On this there are numerous elements to take into account. First, the Liberal government continues to survive with the underlying weakness of the 2019 election result: that is, it cannot count on a parliamentary majority. It is therefore an executive that survives on precarious balances, above all because of the intrinsic weakness of the opposition and because of its strength. Historically, in Canada, a minority government goes on for a couple of years, before either because of internal fragility or at the behest of opposition, we return to the polls. In this case the convenience of early voting is all Trudeau’s.
The polls continue to reward him, giving him a generous margin of advantage over Erin O’Toole’s Conservative Party and Jagmeet Singh’s NDP with a sufficient percentage to be able to legitimately hope to form a majority government. In addition to this, his main opponents fail to attract enough consensus to seriously worry him.
With O’Toole the Tories even seem to have taken a step back from the previous leadership of Andrew Scheer, with Singh the neo-Democrats seem destined to repeat what they already did in the last round of elections: third place with the substantial irrelevance in the fight for a possible victory at the polls.
Finally, the climate in the country is changing. The third wave of the pandemic has now run out, all the provinces have relaxed their restrictions activated to stem the infections of Covid-19, people are returning to live something similar to the pre-Covid normality. A generalized optimism prevails at this time, also fueled by the success of the national immunization campaign and the high rate of vaccinations achieved in Canada.
In short, for Trudeau this could be the right time to monetize this new phase politically. At the provincial level we are witnessing something similar, although here the timing is much more defined. In Ontario we will go to the polls in June of 2022 and Prime Minister Doug Ford obviously has no intention of forcing his hand.

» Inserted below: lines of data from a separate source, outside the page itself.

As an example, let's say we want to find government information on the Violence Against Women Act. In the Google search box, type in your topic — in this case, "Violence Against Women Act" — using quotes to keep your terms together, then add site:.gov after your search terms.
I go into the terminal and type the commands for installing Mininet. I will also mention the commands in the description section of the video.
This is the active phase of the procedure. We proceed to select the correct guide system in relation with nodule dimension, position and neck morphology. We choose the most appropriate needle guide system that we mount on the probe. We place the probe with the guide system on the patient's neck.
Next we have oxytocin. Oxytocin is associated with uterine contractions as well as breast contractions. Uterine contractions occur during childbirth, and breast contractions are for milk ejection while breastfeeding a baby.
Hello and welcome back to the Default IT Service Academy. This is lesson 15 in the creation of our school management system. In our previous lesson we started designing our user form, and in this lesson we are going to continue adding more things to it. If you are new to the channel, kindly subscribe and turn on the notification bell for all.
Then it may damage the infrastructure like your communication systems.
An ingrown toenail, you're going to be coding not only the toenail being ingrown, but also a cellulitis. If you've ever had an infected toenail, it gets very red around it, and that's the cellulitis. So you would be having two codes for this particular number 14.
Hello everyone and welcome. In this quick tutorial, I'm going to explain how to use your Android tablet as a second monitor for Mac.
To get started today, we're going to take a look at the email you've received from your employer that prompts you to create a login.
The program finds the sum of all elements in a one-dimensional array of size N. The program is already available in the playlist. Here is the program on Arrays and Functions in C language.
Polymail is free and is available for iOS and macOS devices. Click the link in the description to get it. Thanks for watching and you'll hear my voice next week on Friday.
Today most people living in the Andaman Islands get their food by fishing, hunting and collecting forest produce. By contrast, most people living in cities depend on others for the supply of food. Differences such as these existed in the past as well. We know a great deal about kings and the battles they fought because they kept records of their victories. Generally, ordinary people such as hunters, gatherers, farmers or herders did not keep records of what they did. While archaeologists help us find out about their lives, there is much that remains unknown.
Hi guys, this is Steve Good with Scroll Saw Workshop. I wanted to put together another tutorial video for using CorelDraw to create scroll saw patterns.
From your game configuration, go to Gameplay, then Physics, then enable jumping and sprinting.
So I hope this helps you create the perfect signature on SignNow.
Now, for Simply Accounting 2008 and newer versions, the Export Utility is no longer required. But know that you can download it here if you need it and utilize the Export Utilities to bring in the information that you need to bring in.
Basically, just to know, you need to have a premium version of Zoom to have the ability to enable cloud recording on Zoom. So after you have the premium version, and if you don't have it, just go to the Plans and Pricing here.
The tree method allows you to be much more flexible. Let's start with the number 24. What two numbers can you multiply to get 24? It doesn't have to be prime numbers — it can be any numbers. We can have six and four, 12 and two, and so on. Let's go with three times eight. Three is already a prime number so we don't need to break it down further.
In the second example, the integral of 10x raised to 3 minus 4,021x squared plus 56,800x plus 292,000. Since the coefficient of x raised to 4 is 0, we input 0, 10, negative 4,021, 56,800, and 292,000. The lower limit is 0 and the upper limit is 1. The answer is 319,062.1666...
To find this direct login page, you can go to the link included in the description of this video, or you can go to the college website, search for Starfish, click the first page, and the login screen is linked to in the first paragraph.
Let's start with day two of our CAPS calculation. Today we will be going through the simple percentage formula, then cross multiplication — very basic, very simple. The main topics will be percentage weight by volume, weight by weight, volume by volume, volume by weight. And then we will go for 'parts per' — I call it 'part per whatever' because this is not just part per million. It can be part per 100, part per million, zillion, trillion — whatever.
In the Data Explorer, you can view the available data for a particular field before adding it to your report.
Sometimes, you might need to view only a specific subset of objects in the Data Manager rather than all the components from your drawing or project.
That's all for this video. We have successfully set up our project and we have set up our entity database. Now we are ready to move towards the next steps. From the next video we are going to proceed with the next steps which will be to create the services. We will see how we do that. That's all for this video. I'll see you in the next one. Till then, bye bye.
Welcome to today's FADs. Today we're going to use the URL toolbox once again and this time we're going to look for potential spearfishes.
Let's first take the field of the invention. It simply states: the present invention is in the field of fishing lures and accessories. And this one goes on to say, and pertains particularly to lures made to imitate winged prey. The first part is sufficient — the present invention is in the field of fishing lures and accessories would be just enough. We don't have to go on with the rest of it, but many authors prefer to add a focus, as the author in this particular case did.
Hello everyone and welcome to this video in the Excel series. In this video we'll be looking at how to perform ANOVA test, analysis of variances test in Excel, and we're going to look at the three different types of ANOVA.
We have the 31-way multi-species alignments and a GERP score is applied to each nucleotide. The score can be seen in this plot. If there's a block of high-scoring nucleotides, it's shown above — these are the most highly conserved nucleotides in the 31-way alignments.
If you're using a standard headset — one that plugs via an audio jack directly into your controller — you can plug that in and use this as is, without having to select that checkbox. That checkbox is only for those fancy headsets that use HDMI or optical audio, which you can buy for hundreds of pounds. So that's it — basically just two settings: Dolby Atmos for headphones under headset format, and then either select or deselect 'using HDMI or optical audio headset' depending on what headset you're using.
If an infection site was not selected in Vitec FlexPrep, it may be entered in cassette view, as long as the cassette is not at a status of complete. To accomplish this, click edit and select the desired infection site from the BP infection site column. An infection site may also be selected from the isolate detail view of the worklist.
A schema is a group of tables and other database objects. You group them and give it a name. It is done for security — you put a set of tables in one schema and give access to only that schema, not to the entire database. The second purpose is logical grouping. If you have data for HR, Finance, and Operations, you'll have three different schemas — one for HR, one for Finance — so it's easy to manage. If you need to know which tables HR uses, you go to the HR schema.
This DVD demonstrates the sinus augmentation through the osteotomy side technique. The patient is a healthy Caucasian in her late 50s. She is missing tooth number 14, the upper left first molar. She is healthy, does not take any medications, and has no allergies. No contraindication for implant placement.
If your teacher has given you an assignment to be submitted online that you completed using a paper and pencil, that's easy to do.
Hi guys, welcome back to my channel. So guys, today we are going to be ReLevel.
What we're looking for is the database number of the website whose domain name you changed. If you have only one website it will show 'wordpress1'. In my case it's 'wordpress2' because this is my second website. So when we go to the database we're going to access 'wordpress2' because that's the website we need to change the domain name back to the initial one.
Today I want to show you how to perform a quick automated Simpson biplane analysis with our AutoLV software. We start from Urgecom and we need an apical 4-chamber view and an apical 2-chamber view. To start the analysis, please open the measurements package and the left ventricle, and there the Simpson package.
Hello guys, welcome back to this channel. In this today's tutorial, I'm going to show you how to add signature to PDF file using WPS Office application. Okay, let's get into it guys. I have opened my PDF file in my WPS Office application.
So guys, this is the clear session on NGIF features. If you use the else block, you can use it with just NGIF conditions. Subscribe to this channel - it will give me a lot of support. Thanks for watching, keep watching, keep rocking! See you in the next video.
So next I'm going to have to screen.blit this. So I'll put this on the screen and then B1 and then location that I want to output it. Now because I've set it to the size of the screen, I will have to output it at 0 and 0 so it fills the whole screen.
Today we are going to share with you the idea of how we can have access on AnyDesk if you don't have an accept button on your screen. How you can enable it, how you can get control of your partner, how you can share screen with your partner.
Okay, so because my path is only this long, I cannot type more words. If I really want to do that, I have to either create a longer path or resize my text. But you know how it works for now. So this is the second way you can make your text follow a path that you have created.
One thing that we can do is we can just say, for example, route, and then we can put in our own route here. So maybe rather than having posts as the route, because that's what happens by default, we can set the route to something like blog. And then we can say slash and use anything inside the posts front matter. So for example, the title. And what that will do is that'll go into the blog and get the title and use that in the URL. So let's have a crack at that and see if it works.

Firstly because the government can count on a solid parliamentary majority in Queen’s Park and therefore there are no imminent needs to return to the polls. Secondly – and here we find a first substantial difference with the federal dynamics – because the popularity of Ford has dropped sharply. The polls do not reward him, on the contrary they see him in difficulty compared to the Liberal Party and the NDP.
The premier, closed the work of the provincial assembly for the summer break, began a few weeks ago the classic policy of announcements and photo opp: every day at least two ministers reach the four corners of the province to announce new investment plans, rain appropriations and electoral promises. The political investment, in this case, is long-term, because the vote will be discussed again in just under a year.